Description of the task
An exact copy of each line below is needed, with no images in it.

Supplied entries
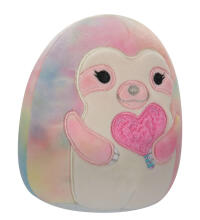 SQUISHMALLOWS Мягкая игрушка ко Дню Святого Валентина, 19 см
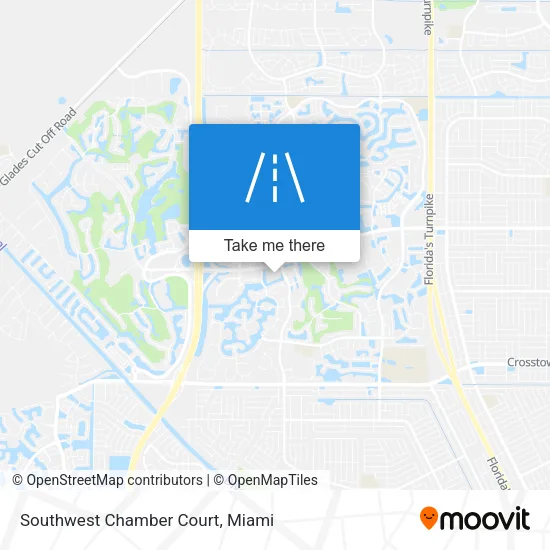 Southwest Chamber Court map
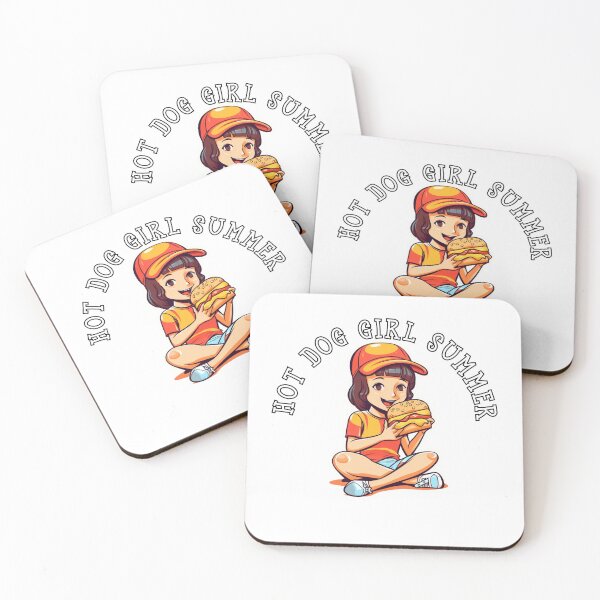 Item preview, HOT DOG GIRL SUMMER designed and sold by Tee Studio.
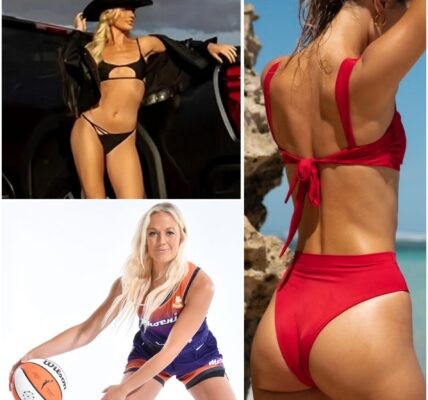 Sophie Cunningham’s Beach Bombshell: WNBA Star Turns Heads with Daring New Bikini Look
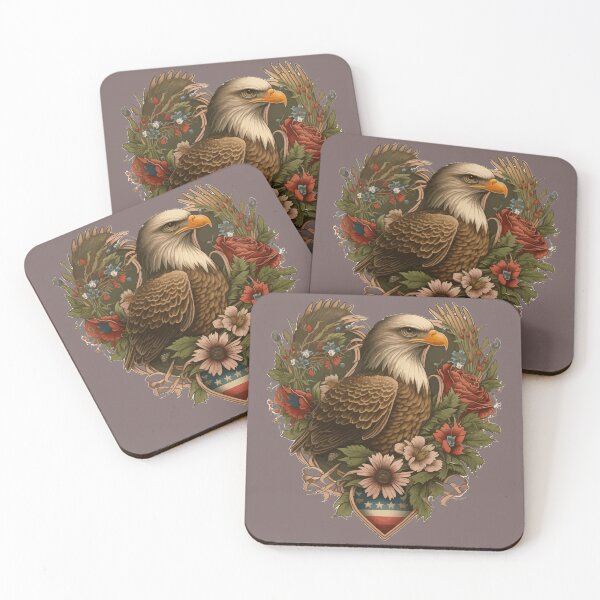 Item preview, Eagle heart patriot gift designed and sold by TeeArtistry.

Problem solution
 SQUISHMALLOWS Мягкая игрушка ко Дню Святого Валентина, 19 см
 Southwest Chamber Court map
 Item preview, HOT DOG GIRL SUMMER designed and sold by Tee Studio.
 Sophie Cunningham’s Beach Bombshell: WNBA Star Turns Heads with Daring New Bikini Look
 Item preview, Eagle heart patriot gift designed and sold by TeeArtistry.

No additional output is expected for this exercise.